# Accepted



## KaterinaWard

Hi everyone,

Im trying to say:
And it is true, that taking into account Greece’s recent history, you can see why it would take time to create an environment in which immigration is embraced and welcomed by the majority. 

I have:
Και είναι αλήθεια ότι, λαμβάνοντας υπόψη την πρόσφατη ιστορία της Ελλάδας, μπορείτε να καταλάβετε γιατί μπορεί να θέλει χρόνο να δημιουργηθεί ένα περιβάλλον στον οποίο η μετανάστευση (αποδεχτεί ??)

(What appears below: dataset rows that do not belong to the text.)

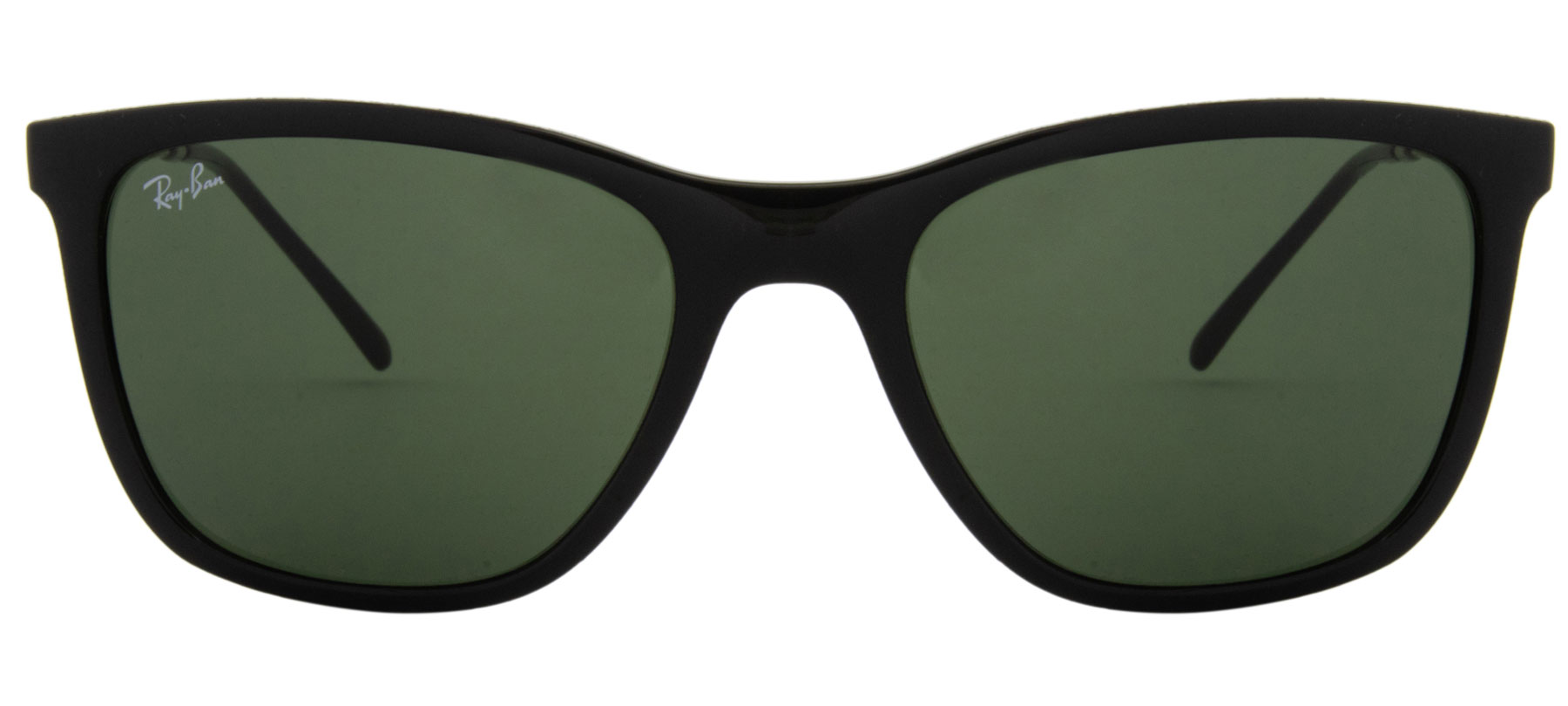 Ray-Ban RB4344 - Vinho - 653432/56 -
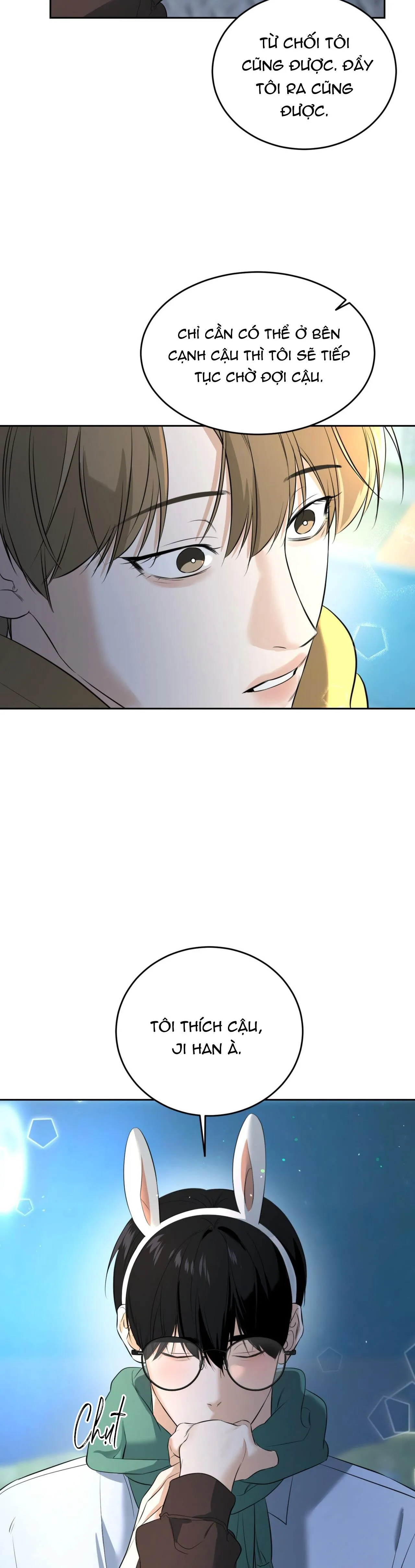 NGƯỜI ĐÀN ÔNG CHO EM TẤT CẢ Chapter 27 Trang 33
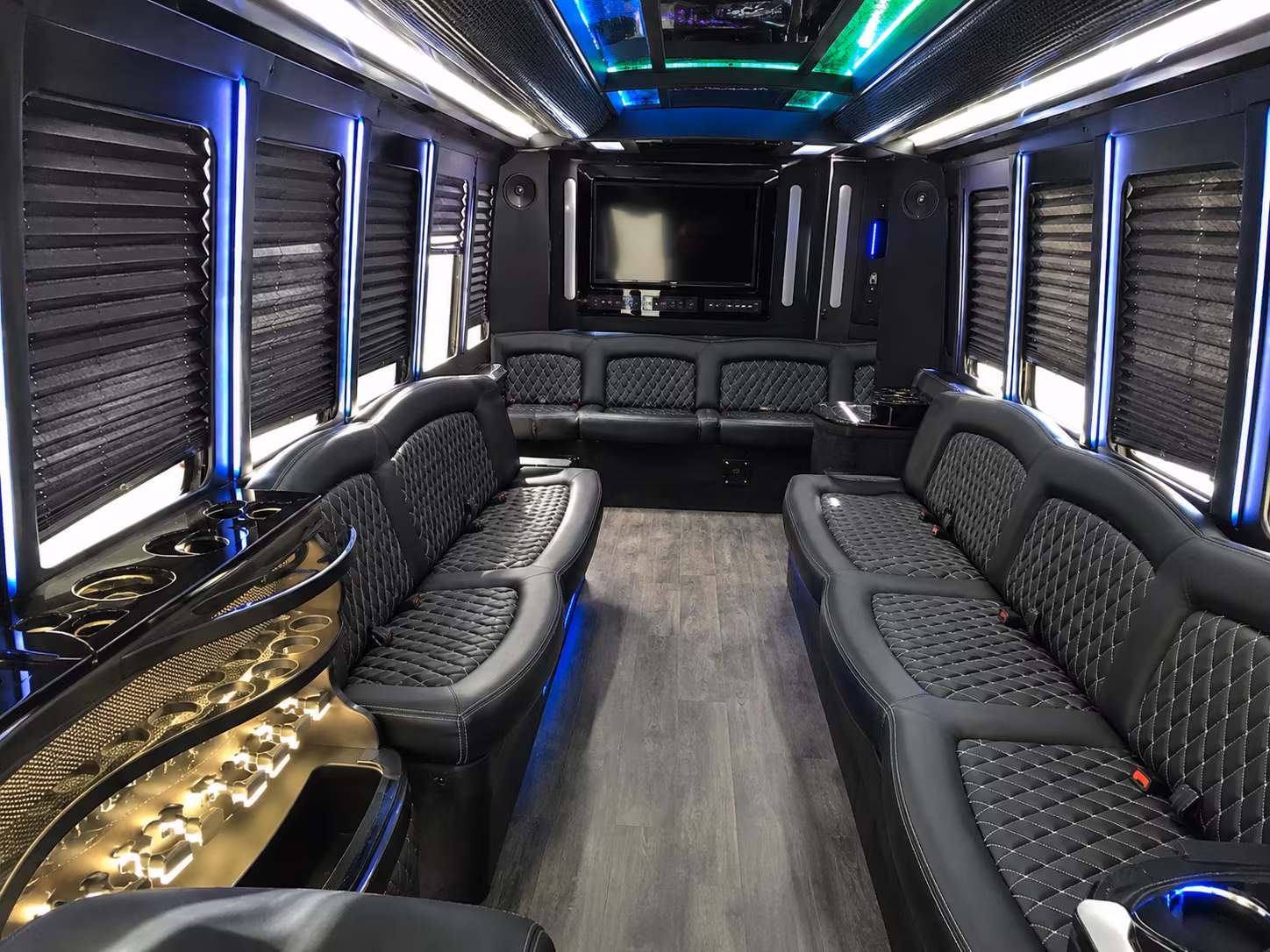 Hialeah Wedding Transportation route planning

I am having trouble with the conjugation of αποδέχομαι. Can anybody help?


----------



## velisarius

"...η φιλοξενία μεταναστών θα γινόταν θερμά δεκτή από την πλειοψηφία." I think μετανάστευση might also mean emmigration from Greece.


----------



## Perseas

KaterinaWard said:


> ..........γιατί μπορεί να θέλει χρόνο να δημιουργηθεί ένα περιβάλλον στον οποίο η μετανάστευση (αποδεχτεί ??)
> 
> I am having trouble with the conjugation of αποδέχομαι. Can anybody help?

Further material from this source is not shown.